When Dubai Vibes Magazine asked him what he enjoys most about his current job, he said that working with recovering addicts is the most rewarding thing he has ever done. Seeing people progress from pain and suffering to serenity and recovery inspires him all the time.

“Recovery gave me peace, and an ability to walk the earth a free man. I have to mention that my closest friends now are all in recovery, as we are a fellowship of men and women who have prevailed against all the odds and continue to support others. We can only keep what we have, by giving it away,” he said.

Beating the odds

David believes that the most difficult aspect of his job is reaching out to people. To make himself available so that if someone needs help, they can find me. He believes that people who regard addiction as a dirty word will always face stigma. The terms addict and alcoholic conjure up negative stereotypes. Because of the nature of addiction, there is a limited amount of funding available to assist those in need.

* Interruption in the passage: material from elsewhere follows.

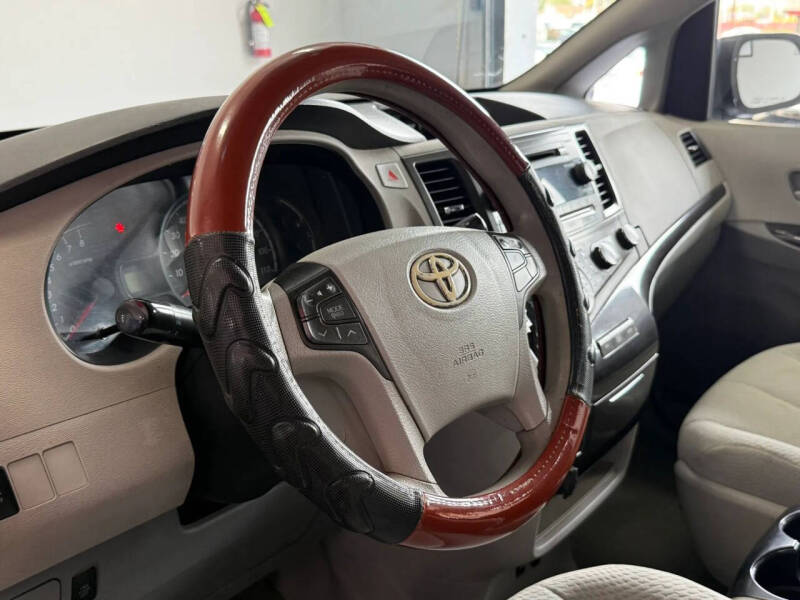 2012 Toyota Sienna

“I spent my life never being able to fit in. Never comfortable in my skin and was full of anxiety and fear. Finding alcohol at the age of 11 meant that I could drink to get over my social anxiety. And so that continued for over 40 years. I tell people that I trained myself to become an alcoholic addict by always running away into a bottle, bag, or behavior,” he shared.

When he became financially successful, it was those feelings that drove his actions. He could indulge himself indefinitely. He threw money at people to gain their friendship. He had to deal with court proceedings, divorces, and betrayal.

Moreover, the only way for him to overcome all of those emotions was to reset himself and embark on the journey of growth. He recognizes that alcohol has slowed his character development. Once he stopped using these substances, he had to relearn all of the life lessons he had missed as a teen and adult. That journey is ongoing, and he is proud to be the new David John.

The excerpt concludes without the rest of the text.